The fact that 36% of companies do not donate to the LGBTQ+ charities is outrageous. These companies claim to support a minority that needs assistance only to gain the trust of potential buyers. To put this into perspective, we have to take a look at the world as a whole. Openly being gay is illegal in 70 UN countries. The United States may not be one of these countries, but that doesn’t mean that homophobia doesn’t exist. Not supporting the LGBTQ+ community isn’t just an optional thing, companies that don’t care aren’t even willing to spare money for a group of people who could be bullied, charged as criminals, or even killed for something they can’t choose.
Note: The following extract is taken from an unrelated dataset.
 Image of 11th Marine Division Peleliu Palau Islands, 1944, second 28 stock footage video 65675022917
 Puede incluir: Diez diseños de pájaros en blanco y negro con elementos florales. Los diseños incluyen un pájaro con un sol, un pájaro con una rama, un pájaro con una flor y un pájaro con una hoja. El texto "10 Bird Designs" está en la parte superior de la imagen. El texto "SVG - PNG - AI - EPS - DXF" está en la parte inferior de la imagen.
Thankfully, some corporate allies donate large sums to LGBTQ+ charities and/or include LGBTQ+ people in their content. One example is Cartoon Network, which published several videos during Pride on the topic of pride and has quite a few LGBTQ+ characters in their cartoons. Mojang, the company behind the world famous game Minecraft, also supports the LGBTQ+ community. When it was discovered that Minecraft’s creator Markus “Notch” Persson was homophobic, Mojang opposed Notch’s beliefs, stating, “His comments and opinions do not reflect those of Microsoft or Mojang and are not representative of Minecraft.” While this may appear to be something that companies say to maintain their image, Mojang actually ended up banning Notch from Minecraft’s 10th birthday party.
To Share is to Care
Companies are meant to support people; they provide products to improve the customer’s life and by doing so, a company can grow. Sadly, the LGBTQ+ community isn’t being supported nearly as much as it needs to be. According to The Telegraph, 33% of Gen Z in Britain, a target demographic, identify as a part of the LGBTQ+ community, so as the LGBTQ+ population rises, companies need to learn how to be more inclusive. Companies should put their old manipulative ways behind them and stand up for the LGBTQ+ community, for the sake of the new generation and their own well-being. I personally often find myself falling victim to rainbow capitalism’s tricks, but I’ve been working on finding ways to avoid it. It’s all too easy to fall for rainbow capitalism’s tricks, most people don’t even know it exists. Before buying yourself a pair of rainbow shoes, take a moment to research if the company donates or not. It may seem annoying or time consuming at first, but even these small things can add up and make a difference.
Sasha, 14, attends The Paideia School. As a part of the LGBTQ+ community, they want to shed light on problems LGBTQ+ people face.